▸ **Data listing**
◇ ◇ ◇ ◇ ◇

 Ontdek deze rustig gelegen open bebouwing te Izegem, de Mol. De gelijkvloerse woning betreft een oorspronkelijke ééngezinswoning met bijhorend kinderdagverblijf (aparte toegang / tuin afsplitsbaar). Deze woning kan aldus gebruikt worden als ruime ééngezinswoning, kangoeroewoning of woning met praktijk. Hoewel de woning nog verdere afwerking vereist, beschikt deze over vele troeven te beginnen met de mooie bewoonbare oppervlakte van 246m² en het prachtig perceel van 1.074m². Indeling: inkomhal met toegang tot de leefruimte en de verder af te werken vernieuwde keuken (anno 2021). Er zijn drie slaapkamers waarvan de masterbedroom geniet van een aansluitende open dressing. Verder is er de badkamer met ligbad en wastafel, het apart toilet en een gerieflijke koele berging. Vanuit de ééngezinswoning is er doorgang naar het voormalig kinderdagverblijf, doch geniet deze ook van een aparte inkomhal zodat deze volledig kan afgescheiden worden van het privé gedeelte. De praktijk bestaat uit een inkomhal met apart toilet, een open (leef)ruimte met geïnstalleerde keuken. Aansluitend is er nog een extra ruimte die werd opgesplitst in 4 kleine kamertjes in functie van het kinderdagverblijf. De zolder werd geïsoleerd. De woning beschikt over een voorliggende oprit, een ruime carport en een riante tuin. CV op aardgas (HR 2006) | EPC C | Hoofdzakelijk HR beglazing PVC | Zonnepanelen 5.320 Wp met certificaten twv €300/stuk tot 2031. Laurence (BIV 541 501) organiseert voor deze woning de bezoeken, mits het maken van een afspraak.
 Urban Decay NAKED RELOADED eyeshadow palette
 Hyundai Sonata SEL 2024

◇ ◇ ◇ ◇ ◇

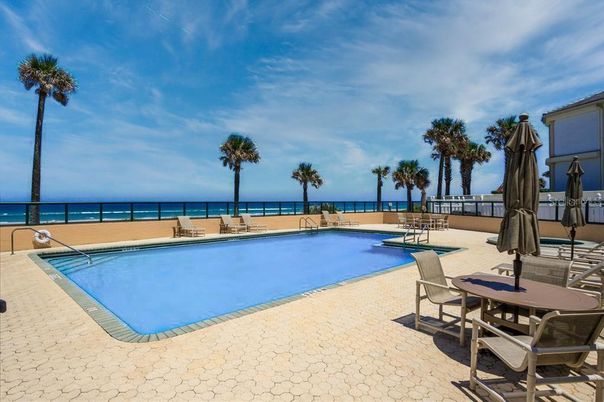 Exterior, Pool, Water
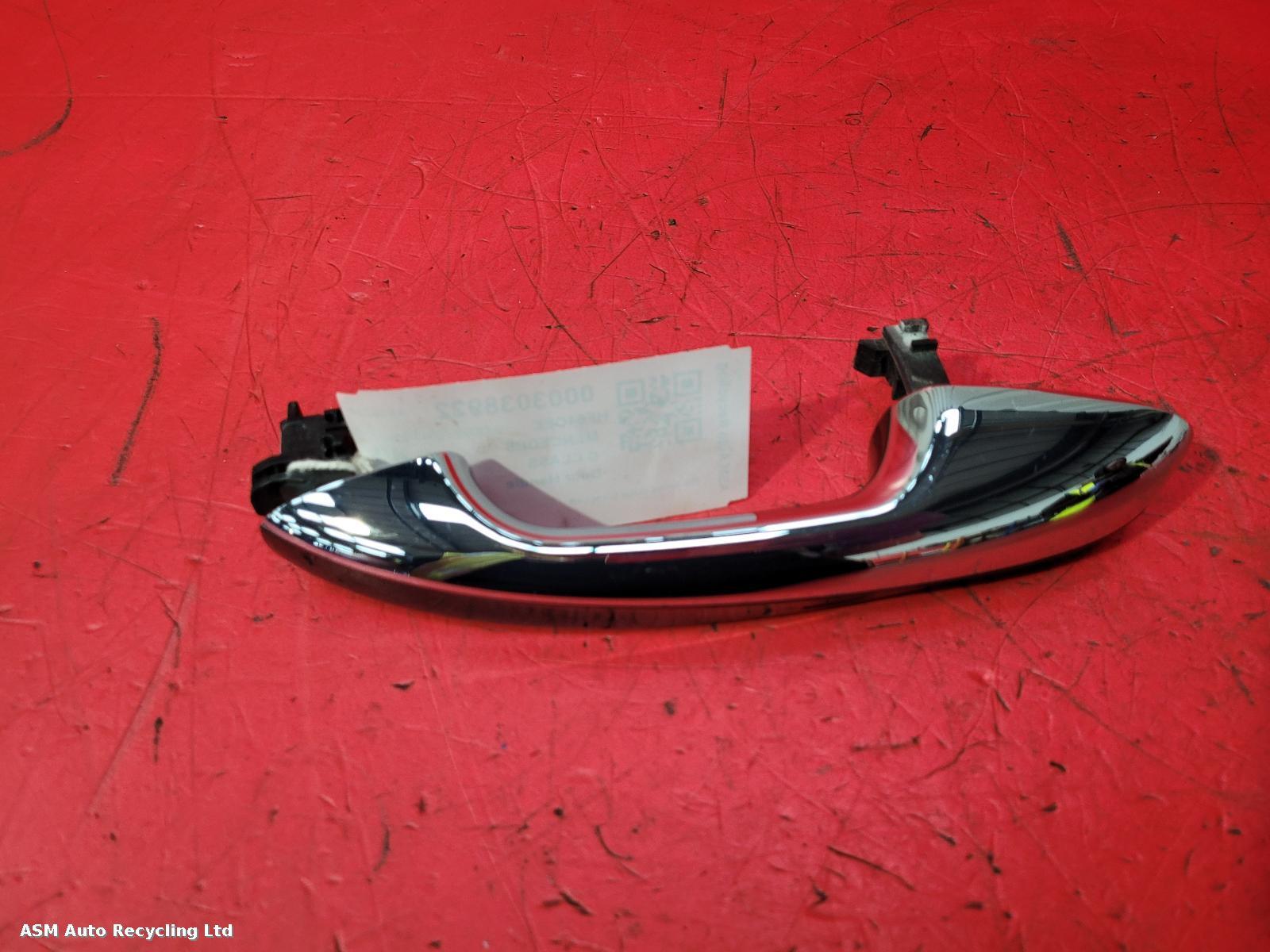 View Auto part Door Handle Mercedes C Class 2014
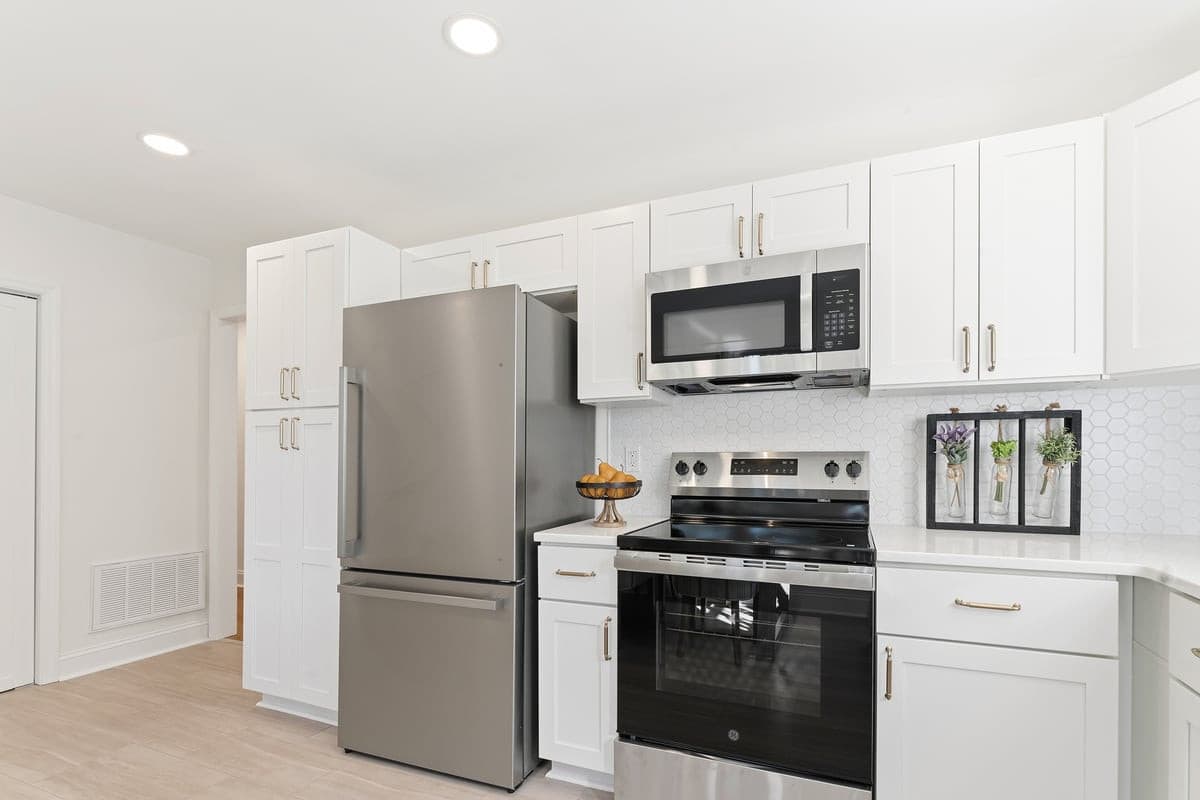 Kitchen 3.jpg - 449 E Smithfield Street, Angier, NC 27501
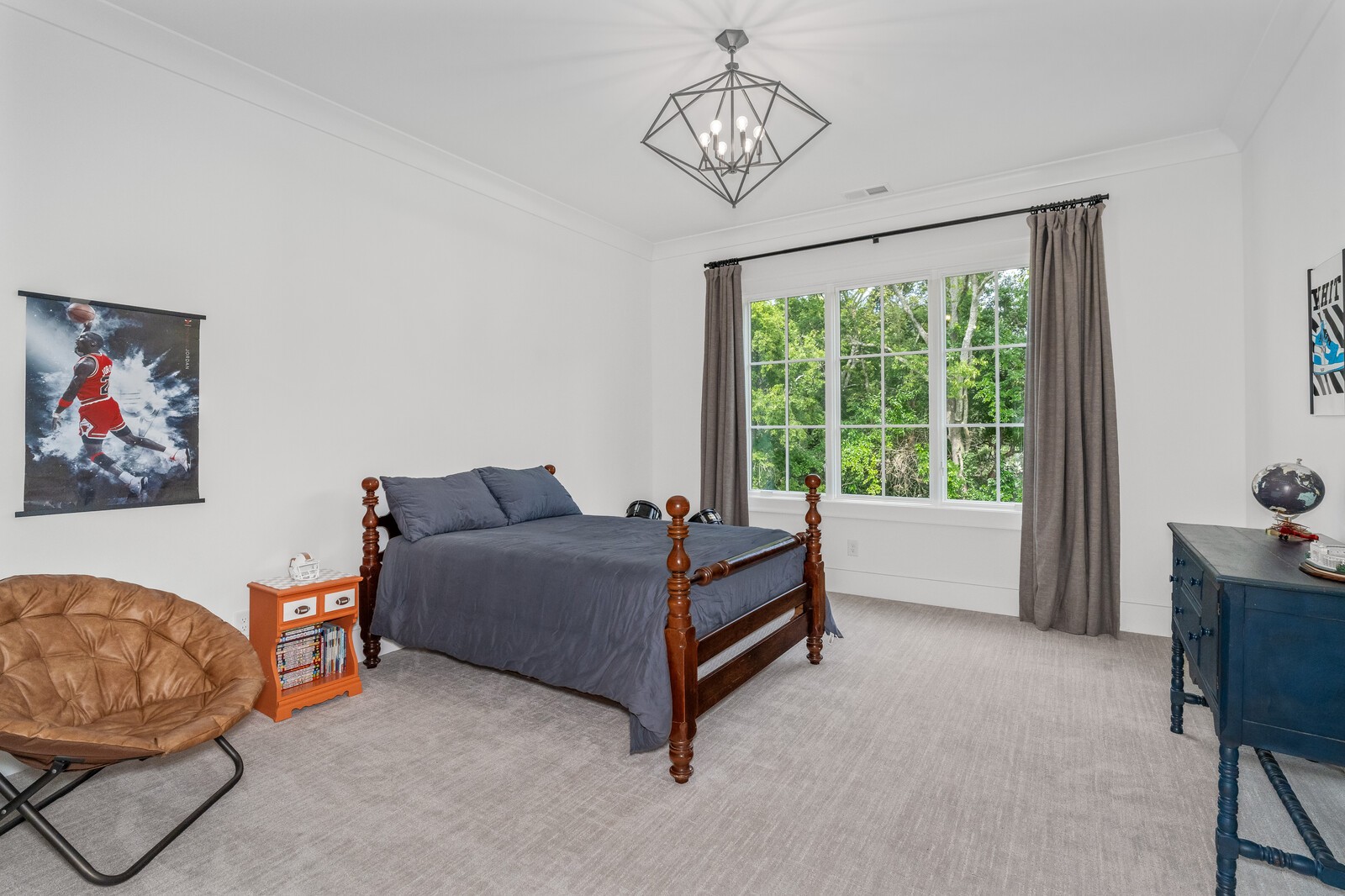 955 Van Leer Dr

◇ ◇ ◇ ◇ ◇

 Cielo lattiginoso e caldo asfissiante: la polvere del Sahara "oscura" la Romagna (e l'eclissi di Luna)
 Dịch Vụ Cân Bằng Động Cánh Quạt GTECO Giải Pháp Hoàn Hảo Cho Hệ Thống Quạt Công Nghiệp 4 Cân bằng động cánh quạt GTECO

◇ ◇ ◇ ◇ ◇

▸ **Aim of the exercise**
Above, find the line with "Exterior, Pool, Water"; copy it and every line down to the line with "955 Van Leer Dr", exactly and both included, but no pictures.

▸ **Written response**
 Exterior, Pool, Water
 View Auto part Door Handle Mercedes C Class 2014
 Kitchen 3.jpg - 449 E Smithfield Street, Angier, NC 27501
 955 Van Leer Dr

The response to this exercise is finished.